Ginas previous garden she was able to plant 2 rows of corn in a 5 foot long space and 5 rows of corn in a 11 foot long space. find a linear equation for the length of the bed (y) in which she can fit x rows of corn.
To find a linear equation for the length of the bed (y) in which Gina can fit x rows of corn, we need to determine the relationship between the number of rows of corn and the length of the bed.
From the given information, we have two data points:
- In a 5-foot long space, Gina can plant 2 rows of corn.
- In an 11-foot long space, Gina can plant 5 rows of corn.
Let's assign the number of rows of corn as x and the length of the bed as y. To find the linear equation, we need to find the slope (m) and the y-intercept (b).
First, let's find the slope (m):
Slope (m) = (change in y) / (change in x)
(change in y) = (5 rows - 2 rows) = 3 rows
(change in x) = (11 feet - 5 feet) = 6 feet
Slope (m) = (3 rows) / (6 feet) = 1/2
So, the slope (m) is 1/2.
Now, let's find the y-intercept (b):
For one of the data points, we can choose the 5-foot long space where Gina can plant 2 rows of corn.
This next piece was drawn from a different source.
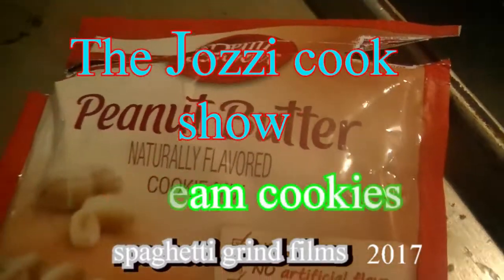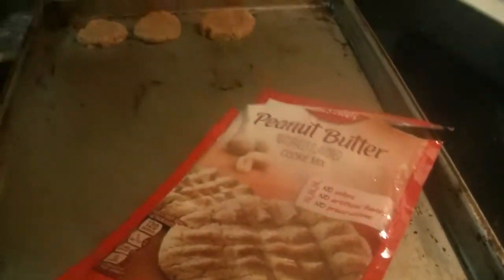Chicken wing, chicken wing, hot dog girls. Welcome to the Jazzy Cook Show, and today we are making delicious cookies.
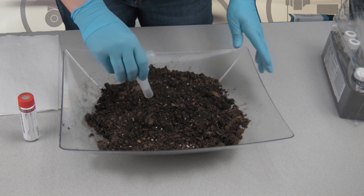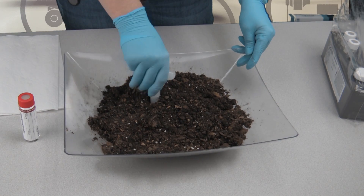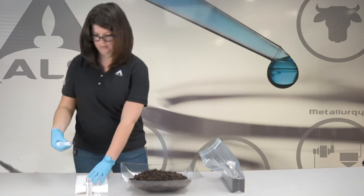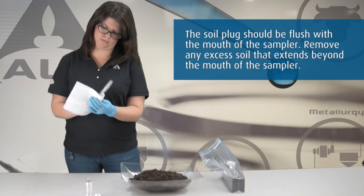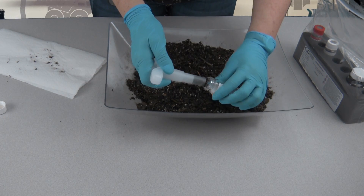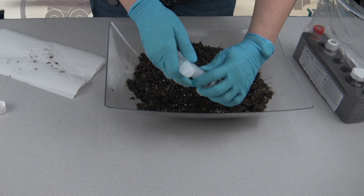With the plunger seated in the handle, push the TerraCore sampler into freshly exposed soil until the sample chamber is filled. Wipe all soil or debris from the outside of the TerraCore sampler. Place the mouth of the sampler into the 40 milliliter VOA vial.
Therefore, x = 2 and y = 5.
Using the slope-intercept form of a linear equation (y = mx + b), we can substitute the values into the equation and solved for b:
5 = (1/2)(2) + b
5 = 1 + b
b = 5 - 1
b = 4
So, the y-intercept (b) is 4.
Now we have the slope (m) and the y-intercept (b), we can write the linear equation as:
y = (1/2)x + 4
Therefore, the linear equation for the length of the bed (y) in which Gina can fit x rows of corn is y = (1/2)x + 4.